» EXERCISE: Whenever the word "Product" shows up in a line of the data, copy that line.

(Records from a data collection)
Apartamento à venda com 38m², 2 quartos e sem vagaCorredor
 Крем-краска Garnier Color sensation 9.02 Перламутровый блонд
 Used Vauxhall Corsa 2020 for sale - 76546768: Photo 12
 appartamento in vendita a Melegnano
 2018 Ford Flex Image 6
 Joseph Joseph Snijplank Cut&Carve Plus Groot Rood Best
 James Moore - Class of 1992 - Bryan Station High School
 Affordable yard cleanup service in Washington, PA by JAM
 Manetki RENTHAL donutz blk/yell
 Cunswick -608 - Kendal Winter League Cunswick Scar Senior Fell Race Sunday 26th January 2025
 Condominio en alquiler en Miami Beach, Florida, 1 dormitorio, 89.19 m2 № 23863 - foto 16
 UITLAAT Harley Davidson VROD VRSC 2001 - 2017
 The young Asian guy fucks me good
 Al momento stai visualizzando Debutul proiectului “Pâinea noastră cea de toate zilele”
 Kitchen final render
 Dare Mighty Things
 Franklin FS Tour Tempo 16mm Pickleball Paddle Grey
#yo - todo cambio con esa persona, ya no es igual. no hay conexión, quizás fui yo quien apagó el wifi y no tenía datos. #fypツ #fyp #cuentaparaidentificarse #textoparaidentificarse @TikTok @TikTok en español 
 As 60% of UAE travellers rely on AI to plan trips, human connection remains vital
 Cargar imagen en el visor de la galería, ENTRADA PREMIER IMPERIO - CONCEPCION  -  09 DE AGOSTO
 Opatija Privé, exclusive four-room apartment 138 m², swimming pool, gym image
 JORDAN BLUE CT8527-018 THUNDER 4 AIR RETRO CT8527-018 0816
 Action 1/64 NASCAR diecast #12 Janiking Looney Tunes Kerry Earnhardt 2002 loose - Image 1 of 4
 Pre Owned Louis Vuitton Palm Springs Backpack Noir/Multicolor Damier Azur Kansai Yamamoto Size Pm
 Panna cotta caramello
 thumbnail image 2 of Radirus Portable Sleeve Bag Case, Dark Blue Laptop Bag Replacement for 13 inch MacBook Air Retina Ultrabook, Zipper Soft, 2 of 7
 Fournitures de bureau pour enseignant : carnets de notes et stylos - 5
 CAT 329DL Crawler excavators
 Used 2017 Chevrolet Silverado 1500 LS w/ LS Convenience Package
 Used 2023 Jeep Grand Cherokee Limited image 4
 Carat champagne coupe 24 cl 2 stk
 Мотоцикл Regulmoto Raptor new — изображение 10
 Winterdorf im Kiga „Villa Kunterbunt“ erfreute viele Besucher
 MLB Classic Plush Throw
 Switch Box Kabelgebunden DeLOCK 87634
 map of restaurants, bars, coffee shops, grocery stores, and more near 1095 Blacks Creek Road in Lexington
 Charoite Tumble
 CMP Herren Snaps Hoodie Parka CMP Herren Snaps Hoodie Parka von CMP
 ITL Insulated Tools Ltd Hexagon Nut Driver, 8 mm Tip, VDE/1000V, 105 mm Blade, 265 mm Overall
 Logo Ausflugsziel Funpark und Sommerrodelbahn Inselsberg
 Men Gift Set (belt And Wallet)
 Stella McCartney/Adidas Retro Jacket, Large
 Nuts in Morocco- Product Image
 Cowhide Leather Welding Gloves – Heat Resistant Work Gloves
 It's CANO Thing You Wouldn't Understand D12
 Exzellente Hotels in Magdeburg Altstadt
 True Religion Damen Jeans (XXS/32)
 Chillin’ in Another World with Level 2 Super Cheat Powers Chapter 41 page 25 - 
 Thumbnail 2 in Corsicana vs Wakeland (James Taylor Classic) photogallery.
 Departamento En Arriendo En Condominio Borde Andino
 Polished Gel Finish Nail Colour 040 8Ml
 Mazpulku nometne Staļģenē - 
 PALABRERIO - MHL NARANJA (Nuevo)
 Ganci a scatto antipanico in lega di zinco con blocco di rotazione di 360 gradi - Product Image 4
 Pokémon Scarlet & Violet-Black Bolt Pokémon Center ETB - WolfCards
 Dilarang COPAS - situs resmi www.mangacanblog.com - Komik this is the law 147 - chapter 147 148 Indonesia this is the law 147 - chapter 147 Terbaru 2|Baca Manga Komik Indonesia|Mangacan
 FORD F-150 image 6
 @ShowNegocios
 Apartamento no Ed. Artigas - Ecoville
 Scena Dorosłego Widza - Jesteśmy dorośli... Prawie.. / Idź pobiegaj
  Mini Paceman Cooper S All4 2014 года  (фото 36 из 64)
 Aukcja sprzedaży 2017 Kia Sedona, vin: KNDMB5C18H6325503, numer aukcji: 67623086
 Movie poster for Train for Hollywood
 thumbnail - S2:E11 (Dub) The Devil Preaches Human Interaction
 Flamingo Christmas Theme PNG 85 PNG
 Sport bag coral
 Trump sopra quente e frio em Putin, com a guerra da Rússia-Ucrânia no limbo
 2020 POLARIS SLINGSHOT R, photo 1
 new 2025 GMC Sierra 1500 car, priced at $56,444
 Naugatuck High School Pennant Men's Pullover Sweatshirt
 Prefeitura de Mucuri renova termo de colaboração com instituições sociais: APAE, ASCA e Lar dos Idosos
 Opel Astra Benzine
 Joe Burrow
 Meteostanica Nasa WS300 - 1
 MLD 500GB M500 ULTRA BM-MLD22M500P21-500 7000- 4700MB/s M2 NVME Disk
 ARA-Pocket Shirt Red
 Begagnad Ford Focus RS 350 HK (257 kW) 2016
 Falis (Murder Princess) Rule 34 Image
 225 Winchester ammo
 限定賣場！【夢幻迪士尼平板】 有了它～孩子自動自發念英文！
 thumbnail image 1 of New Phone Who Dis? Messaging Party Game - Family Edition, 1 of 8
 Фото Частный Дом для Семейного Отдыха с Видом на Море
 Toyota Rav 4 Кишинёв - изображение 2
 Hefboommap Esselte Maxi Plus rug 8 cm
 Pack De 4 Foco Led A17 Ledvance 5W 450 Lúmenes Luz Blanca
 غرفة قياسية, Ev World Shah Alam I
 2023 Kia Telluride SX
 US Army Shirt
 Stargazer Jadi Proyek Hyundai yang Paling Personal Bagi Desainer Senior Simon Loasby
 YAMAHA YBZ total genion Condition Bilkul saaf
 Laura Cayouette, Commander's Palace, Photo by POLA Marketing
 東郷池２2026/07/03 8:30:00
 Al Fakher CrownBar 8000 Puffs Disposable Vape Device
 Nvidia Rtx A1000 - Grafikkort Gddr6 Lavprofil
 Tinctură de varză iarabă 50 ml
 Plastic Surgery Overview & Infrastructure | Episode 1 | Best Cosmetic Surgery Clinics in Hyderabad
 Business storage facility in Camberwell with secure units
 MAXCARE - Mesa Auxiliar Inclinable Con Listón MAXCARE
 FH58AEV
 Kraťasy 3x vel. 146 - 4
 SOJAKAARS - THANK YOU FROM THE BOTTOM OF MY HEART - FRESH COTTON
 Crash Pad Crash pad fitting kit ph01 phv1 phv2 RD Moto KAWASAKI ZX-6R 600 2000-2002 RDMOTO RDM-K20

» ANSWER BOX:
 Nuts in Morocco- Product Image
 Ganci a scatto antipanico in lega di zinco con blocco di rotazione di 360 gradi - Product Image 4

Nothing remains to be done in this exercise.